My main point is that most people, including the media, whenever there is a big crash in prices, like silver going down double digits, they act like the money evaporated and everyone that invested lost money.
My point is that it's not the case, it dropped because there was a huge volume of people selling, making it cheaper. The people selling converted it all for liquidity, they just 'got' a lot of money in cash to spend, and they needed it or will use it for one reason to another.
Retail investors don't have the time (unless you work in finance) to read all the news and information to be aware of situations that will trigger liquidity crunches like these past few months, while institutional investors will.
My point here is you could have performed all of the value investing in the world and you are still eating losses, standard diversification theory is to put in gold when the markets are unstable, as it appreciates in time of high volatility, we are in times of extreme volatility and gold crashed, it makes no sense unless you have visibility in the institutional investing trends.
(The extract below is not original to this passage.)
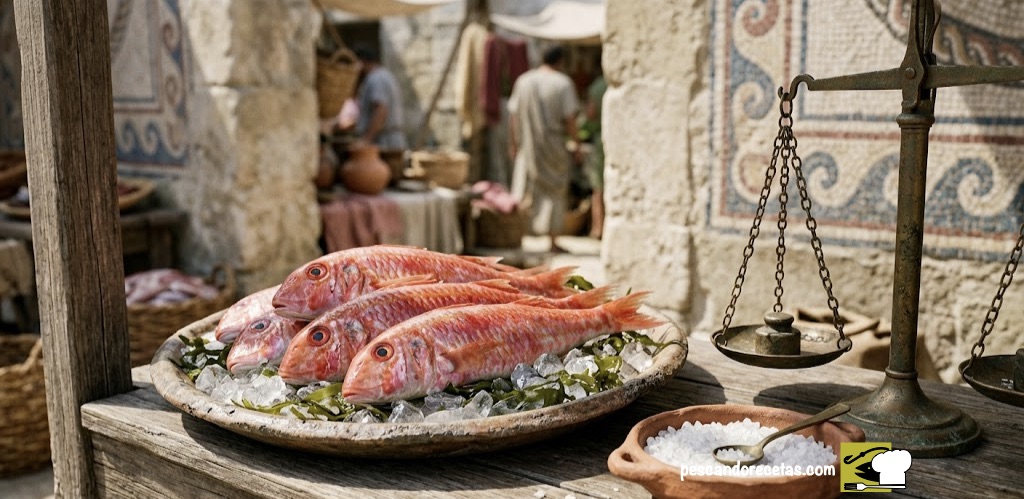 Varios salmonetes frescos y vibrantes sobre una cama de hielo y algas en un puesto de mercado de la antigua Roma. Al lado, un cuenco rústico con escamas de sal marina y una balanza de bronce antigua. Fondo con mosaicos difuminados.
Prices can drop on very low volumes. All that prices tell us is what someone agreed to buy and sell at a given point in time. Some (most?) sellers are likely selling because they are planning to buy when the price is lower (i.e. they are betting the market will go down) not because they need to use it.
Generally gold is not considered an investment or a hedge against marker instability and most diversified portfolios would not have gold in them.
Yes- if I own the S&P 500 and the S&P 500 goes down then the current value of my investment has gone down.